Indeed, if our forecast is good, that is if $\mathrm{\forall }t\ge t_0+1$, ${\hat{F}}_{t-1}^{h,\omega }=F_t$, where $F_t$ is the true cdf, then, whatever t, assuming that $\mathrm{\partial }({\hat{F}}_{t-1}^{h,\omega }{)}^{-1}(z)/\mathrm{\partial z}$ is continuous and nonzero for $z\in [0,1]$, $Z_t^{h,\omega }$ follows a uniform random variable in the interval $[0,1]$: $Z_t^{h,\omega }\sim \mathcal{U}(0,1)$ [11]. In fact, this idea is quite old [38] and is even something with which any person simulating random variables following a given cdf is familiar.

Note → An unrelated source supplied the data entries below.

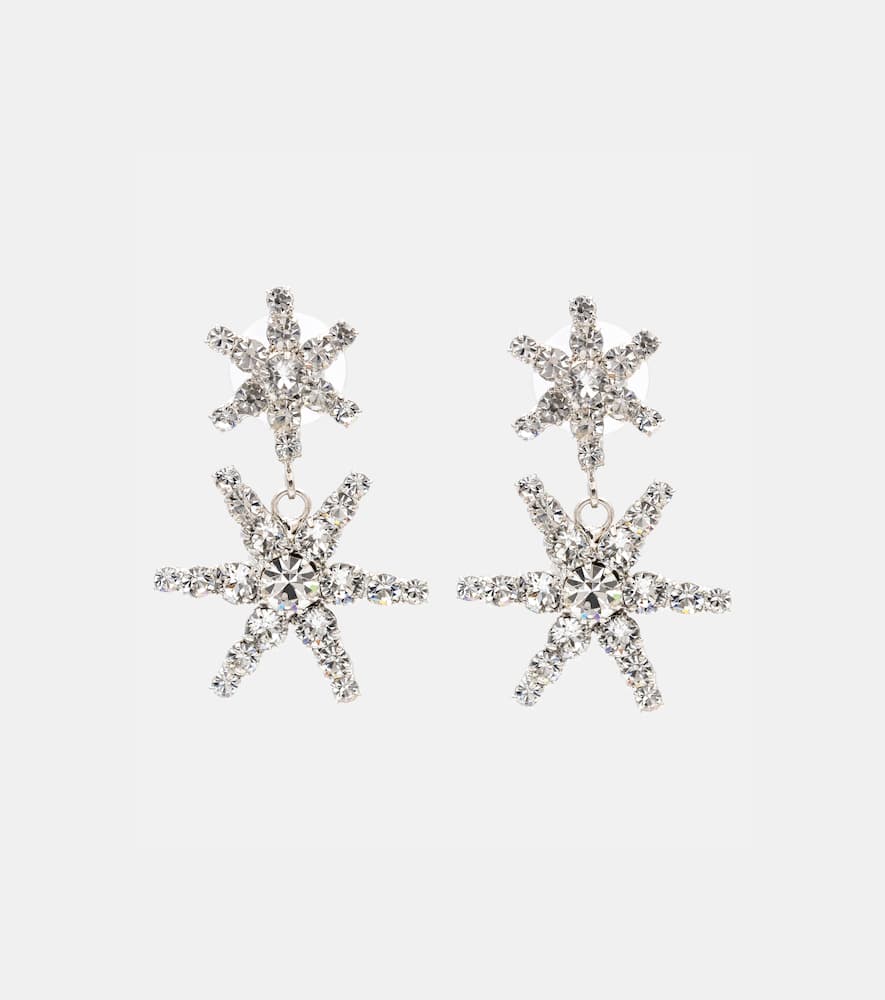 Jennifer Behr Pluto crystal-embellished earrings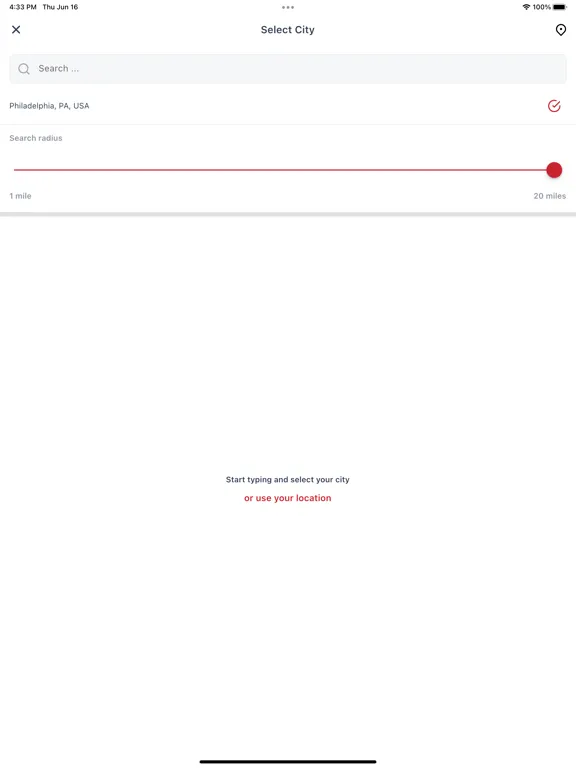 Tangkapan layar Orbis Law iPad 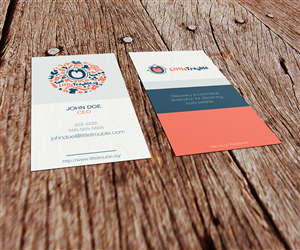 Diseño de Tarjeta de Presentación por E.Ali para Little Trouble | Diseño: #4046732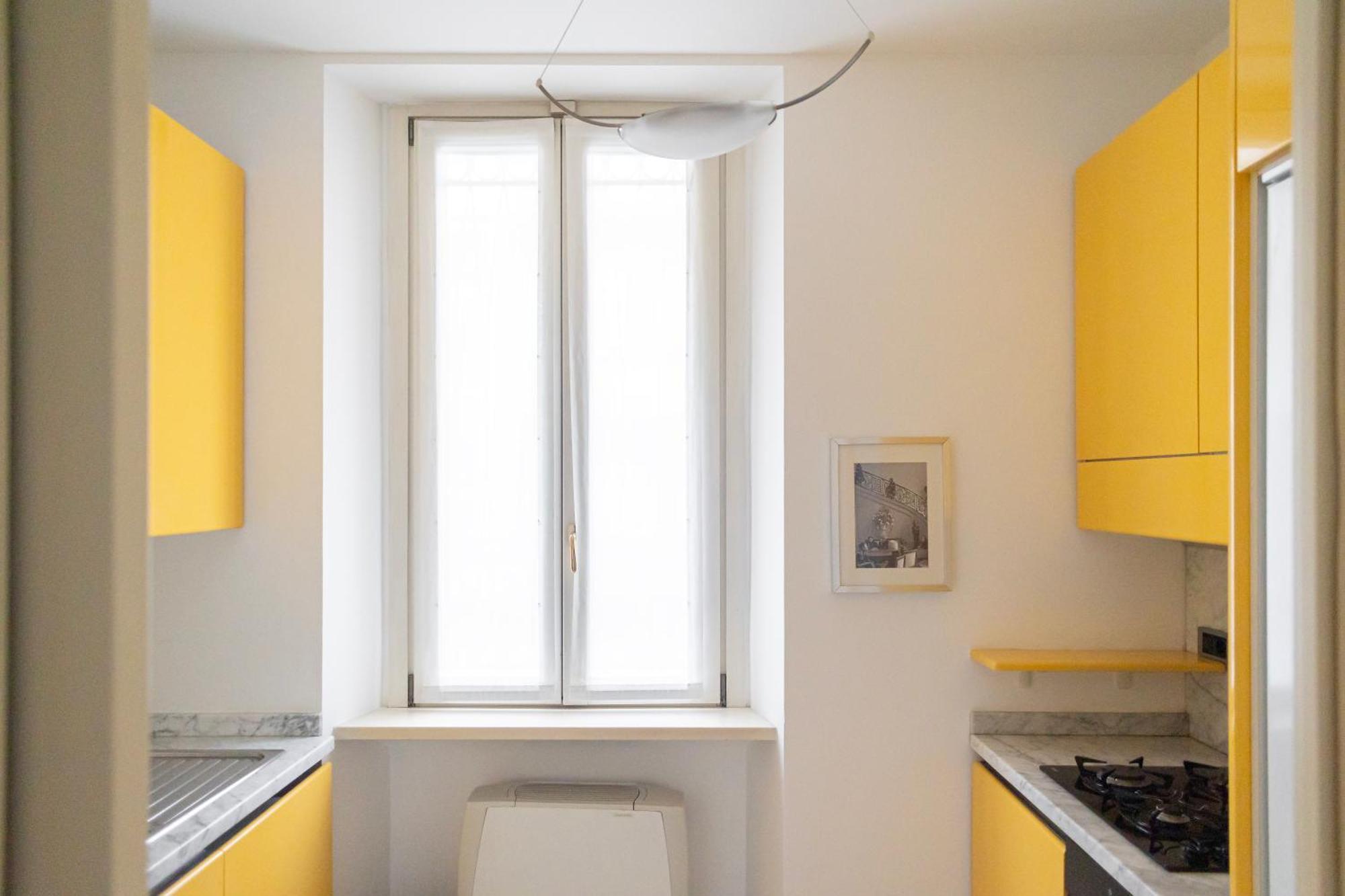 Apartment Elegante Bilocale In Montenapoleone - Brera Mailand
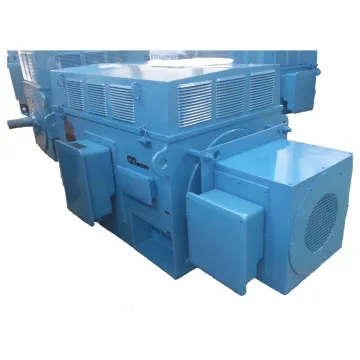 3.3kV & 6kV High Voltage Large Slip Ring Induction Motor: Specifications and Applications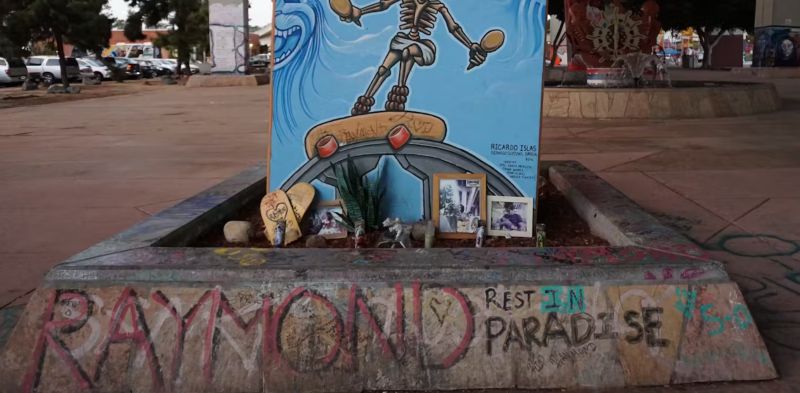 When a Skatepark Becomes a Sacred Space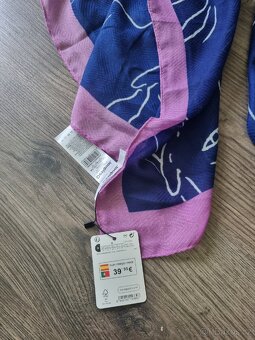 Rectangle face IT desigual šátek nový s visačkou obličej - 11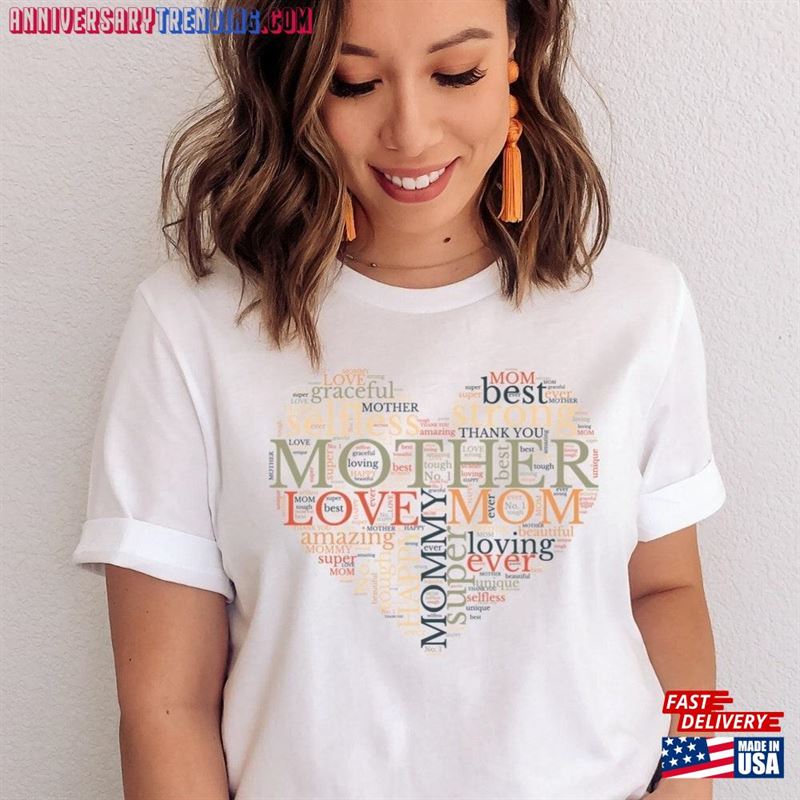 Mama T-Shirt Custom Mom Shirt Mothers Day Hoodie Sweatshirt -Bipubunny Store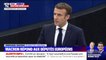 Emmanuel Macron à Jordan Bardella: "Vous avez dit n'importe quoi sur tous les textes européens que nous pourrions signer"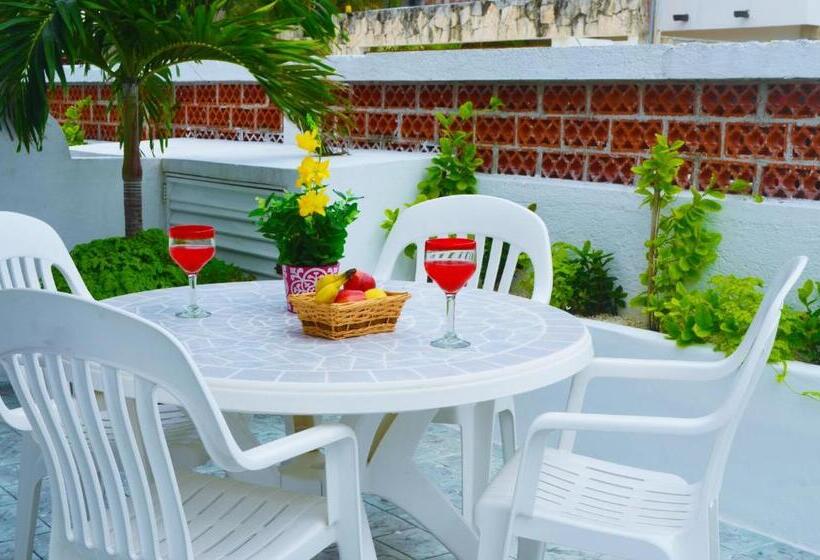 سوئیت جونیور با چشم‌انداز باغ, Corales Suites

In addition to being uniform, under the same condition on $\mathrm{\partial }({\hat{F}}_{t-1}^{h,\omega }{)}^{-1}(z)/\mathrm{\partial z}$ for $t\in \text{⟦}{t}_0+1,T\text{⟧}$, the variables $Z_{t_0+1}^{h,\omega },\dots ,Z_T^{h,\omega }$ must also be independent [11].

Thanks to the PITs, we have $T-t_0$ observations in the same uniform density. This makes it possible to evaluate the density forecast: we have to check that $Z_{t_0+1}^{h,\omega },\dots ,Z_T^{h,\omega }$ are indeed iid and uniform in $[0,1]$. We expose in the next subsection the difference of approach regarding this point between the evaluation of density forecast and our framework, which is about the selection of optimal parameters.

2.4. Selection of the bandwidth and of the discount factor

The literature about bandwidth selection is very rich [22,44,47]. Beyond the rule-of-thumb which often leads the choice of the bandwidth h among practitioners, we can cite more relevant methods of selection, such as the minimization of AMISE [42], evaluated for instance with cross validation or a plug-in technique. As exposed in the previous subsection, we will try to select h in order to make the distribution of the PITs close to a uniform distribution, and the uniform case is trivial in the AMISE approach and makes this method ineffective. We can also cite the possibility to estimate a time-varying bandwidth, like in the literature about online estimation of kernel density [25,49]. Our approach will be different from the online framework: our time-varying aspect is not about h but about the density.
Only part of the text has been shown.